The end of the BART strike frees Bay Area from commuting stress

 BART employees strike in front of West Oakland Bart Station Monday, Oct. 21, 2013 in Oakland, Calif.  Bart management and unions agreed to new terms Monday afternoon. Photo by Amanda Peterson / Xpress

BART employees strike in front of West Oakland Bart Station Monday, Oct. 21, 2013 in Oakland, Calif. Bart management and unions agreed to new terms Monday afternoon. Photo by Amanda Peterson / Xpress

The BART strike is over and the 30,000 students, faculty and staff at SF State, along with the rest of the Bay Area, can finally rest easy knowing trains will keep running.

The announcement Monday of a tentative agreement between BART unions and management brought an end to months of arguments between the two sides and a four-day transit strike.

“I almost cried of happiness when I found out the strike was over,” said 25-year-old biology major Michelle Ramirez, who said her commute to school took almost four hours Monday. “I depend on BART to get me to school.”

The deal must still be ratified by union members and the BART board of directors, but is expected to be approved.

Trains began running early Tuesday morning with 30 to 45 minute delays, and by the afternoon were back on track to the relief of the system’s 400,000 daily riders.

Ramirez wasn’t the only one worried about her commute. The Bay Area took to the Internet to voice displeasure, filling twitter with hashtags like #ihateBART and #BARTsucks.

Along with an outpour of frustration, the strike also generated wide-spread debate on the impact of unions and living wages in the Bay.

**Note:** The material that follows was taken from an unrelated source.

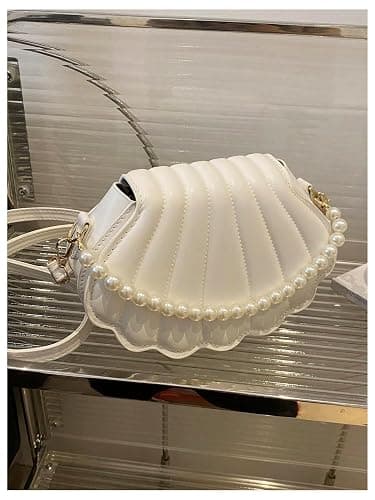 MakeMeChic Women's Seashell Shape Pearl Croccbody Handbag Leather Flap Adjustable Strap Shoulder Bag thumbnail 5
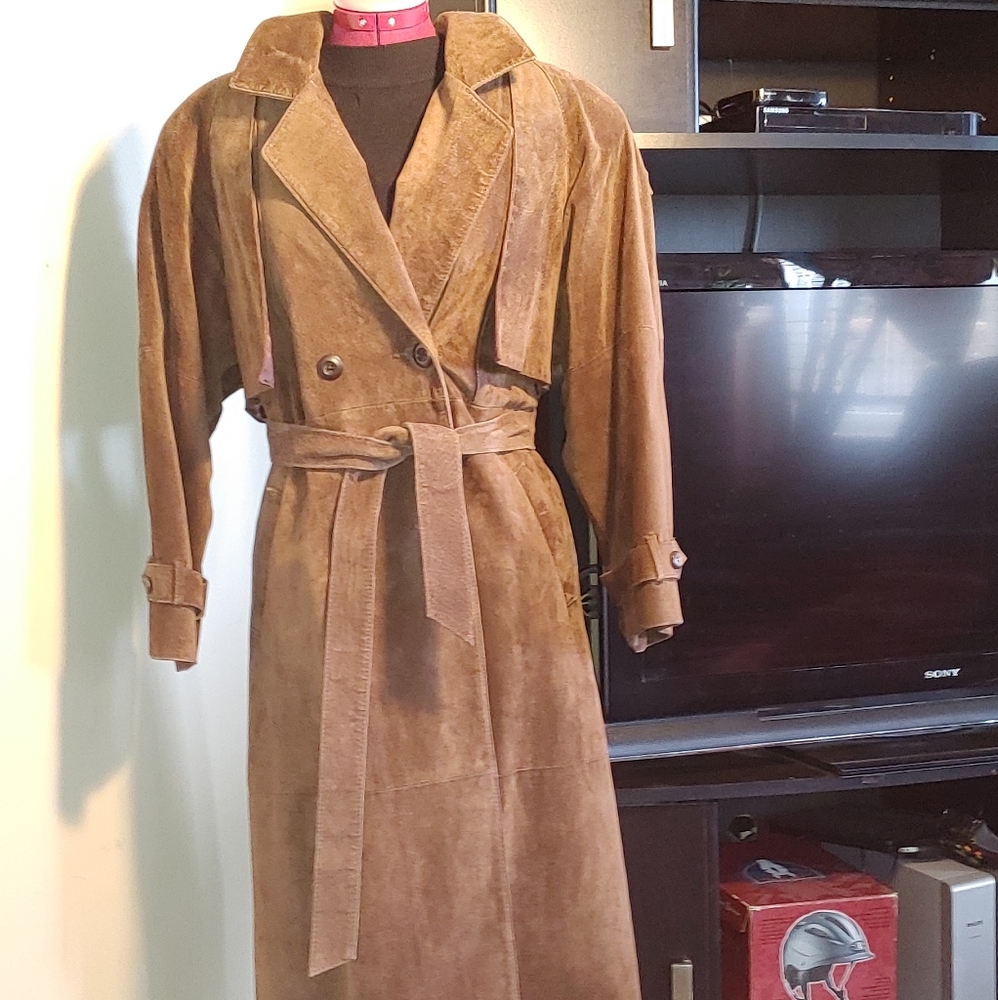 Vintage full length suede coat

Determined not to be left in the lurch, SF State President Leslie E. Wong said he instructed his staff to prepare for the crisis months ago during the four-day strike in July.

The University set up a website and sent mass emails that advertised contingency services like sleeping space in a community room for those with early morning classes and shuttle service from the East Bay. Overflow parking and a ridesharing platforms were also offered.

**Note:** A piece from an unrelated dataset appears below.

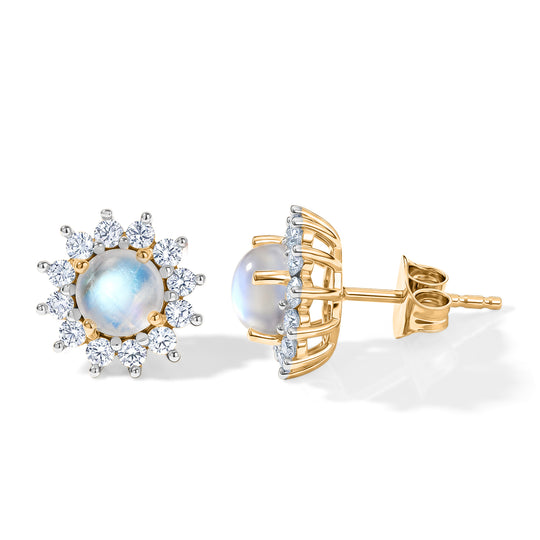D'Joy Regenbogen Mondstein, Weißer Zirkon Ohrringe 925 Silber Rhodiniert ca. 3.21 ct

“The broad range of options identified in the Transportation Disruption Plan is testament to the University’s sound and thorough resilience planning in the event of a crisis,” said Corinne da Cunha, associate director of business continuity. “All elements of the contingency plan were fully implemented, remaining flexible and agile as circumstances surrounding the BART strike evolved.”

The drawn out labor conflict began in July with a four-and-a-half-day strike after unions and management were unable to agree on a new contract.

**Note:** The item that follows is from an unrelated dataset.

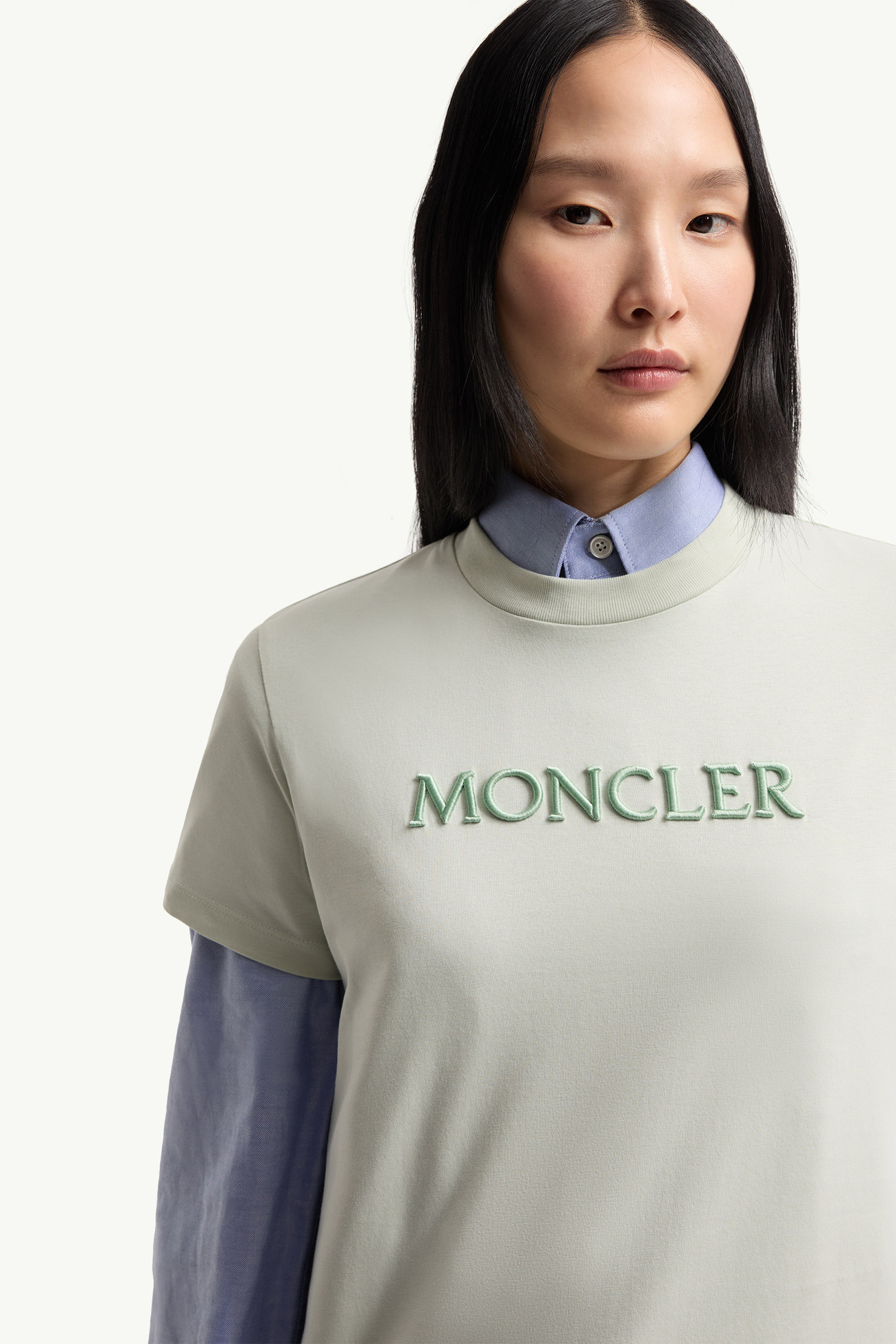 Embroidered Tonal Logo Cotton T-Shirt Women Light Green Moncler 5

Unions returned to work in good faith and were told to keep the trains running as Gov. Jerry Brown imposed a waiting period and a judge approved a cooling off period.

When the cooling off period ended Oct. 11 the Bay Area was forced to endure the threat of another strike almost nightly. Unions finally walked off the job in frustration last Thursday at midnight.

Four days later, after the death of two workers, BART and its unions have finally come to an agreement.

“This is a good package for our union members while still allowing the District to make the necessary investments in our infrastructure,” said BART General Manager Grace Crunican in a statement. “That investment is critical to the future of the Bay Area.”

Despite the agreement union leaders have said they remain committed to improving safety rules for the safety of BART workers and the riding public, especially in light of the death of the two transit workers.

“Let us be clear that our commitment to improving the safety at BART doesn’t end with these negotiations,” said Des Patten, president of SEIU 1021’s BART Professional Chapter in a statement.